VLERange: a range in between BidirectionalRange and RandomAccessRange

Mon Jan 17 23:58:02 PST 2011

On 18/01/11 16:46, Andrei Alexandrescu wrote:
> On 1/17/11 9:48 PM, Michel Fortin wrote:
>> On 2011-01-17 17:54:04 -0500, Michel Fortin <michel.fortin at michelf.com>
>> said:
>>
>>> More seriously, you have four choice:
>>>
>>> 1. code unit
>>> 2. code point
>>> 3. grapheme
>>> 4. require the client to state explicitly which kind of 'character' he
>>> wants; 'character' being an overloaded word, it's reasonable to ask
>>> for disambiguation.
>>
>> This makes me think of what I did with my XML parser after you made code
>> points the element type for strings. Basically, the parser now uses
>> 'front' and 'popFront' whenever it needs to get the next code point, but
>> most of the time it uses 'frontUnit' and 'popFrontUnit' instead (which I
>> had to add) when testing for or skipping an ASCII character is
>> sufficient.
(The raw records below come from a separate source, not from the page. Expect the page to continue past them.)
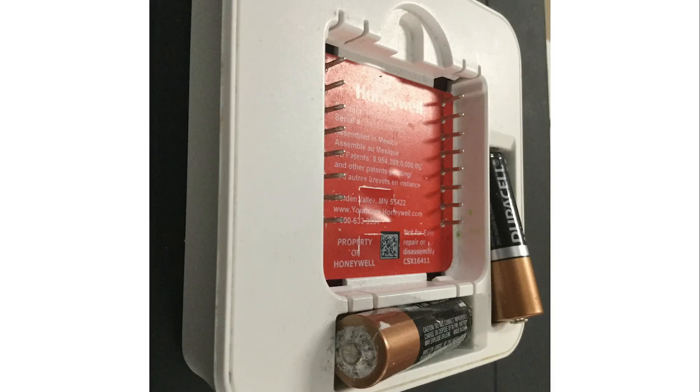When you first check the batteries, look for any corrosion on the batteries or battery holder terminals. If there is, it might be possible the corrosion has gotten into the thermostat. Try a new set of batteries. We recommend using alkaline, non-rechargeable batteries. Make sure they are installed correctly.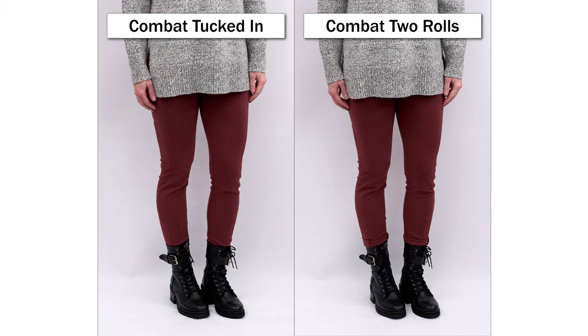The next images are with combat boots. The combat boot has a higher shaft but it's skinny, and I loved them tucked in — the leggings are a little bit skinnier than skinny jeans so they worked really well tucked inside. I also rolled them up just to see, and I think if you're super casual and threw on a casual sweater or even a sweatshirt, that actually worked as well. It was just two little rolls and not too thick, so it looked really good.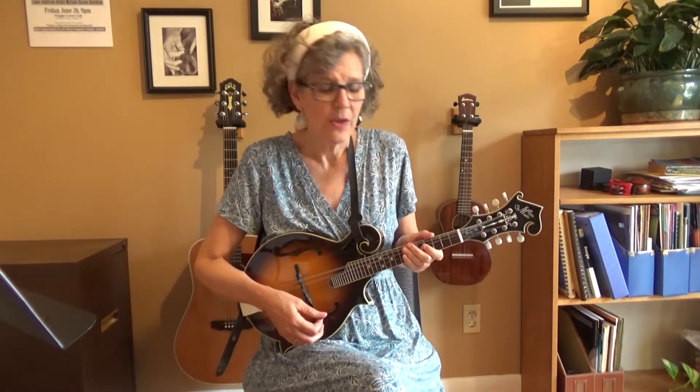The strum pattern that I use — I'll demonstrate on a G chord — is down, down, up, up, down, up. All right, two downs, two ups, and a down up. So play that with me on a G chord. Ready, and: down, down, up, up, down, up, down, down, up, up, down.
This way I avoid a lot of unnecessary decoding of code
>> points.
>>
>> For this to work, the same range must let you skip either a unit or a
>> code point. If I were using a separate range with a call to toDchar or
>> toCodeUnit (or toGrapheme if I needed to check graphemes), it wouldn't
>> have helped much because the new range would essentially become a new
>> slice independent of the original, so you can't interleave "I want to
>> advance by one unit" with "I want to advance by one code point".
>>
>> So perhaps the best interface for strings would be to provide multiple
>> range-like interfaces that you can use at the level you want.
>>
>> I'm not sure if this is a good idea, but I thought I should at least
>> share my experience.
>
> Very insightful. Thanks for sharing. Code it up and make a solid proposal!
>
> Andrei

How does this differ from Steve Schveighoffer's string_t, subtract the 
indexing and slicing of code-points, plus a bidirectional grapheme range?